This is due to features not supported past Pydantic 2.0. Doing some checks, it seems I installed a few not-compatible versions of key libraries:

vllm==0.3.0
pydantic==2.6.0
pydantic_core==2.16.1

I built the image via this Dockerfile setup:

FROM nvidia/cuda:12.2.0-devel-ubuntu20.04

ENV DEBIAN_FRONTEND=noninteractive
RUN apt-get update -y && apt-get install -y python3.9 python3.9-distutils python3.9-dev curl git
RUN curl https://bootstrap.pypa.io/get-pip.py -o get-pip.py
RUN python3.9 get-pip.py

WORKDIR /app

RUN --mount=type=cache,target=/root/.cache pip3 install "sglang[all]"

I did confirm that pydantic==1.10.13 resolves these issues, that just happens to not be what got installed with my docker setup.

comaniac commented 8 months ago

Yes I got this issue too. I probably should firstly upgrade to Pydantic v2 (I was waiting for the outlines integration...)

hnyls2002 commented 8 months ago

Hi, outlines are now imported as a dependency(#168). We now specify the outlines>=0.0.27 so that pydantic>2 is compatible with both outlines and vllm. Please let me know if there are any problems with the outlines or the dependency version.

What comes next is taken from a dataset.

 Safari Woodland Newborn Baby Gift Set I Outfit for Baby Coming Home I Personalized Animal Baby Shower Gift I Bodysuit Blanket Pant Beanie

fozziethebeat commented 7 months ago

I tried using the outlines feature and I think someone (either outlines themselves or sglang) needs to add a datasets dependency. Just doing a simple

pip install "sglang[all]"

And then trying to do the regex constrained decoding triggered a failure. Installing datasets fixed it.

rlouf commented 7 months ago

Could you paste the stack trace here?

fozziethebeat commented 7 months ago

Well, seems I can't re-create it anymore.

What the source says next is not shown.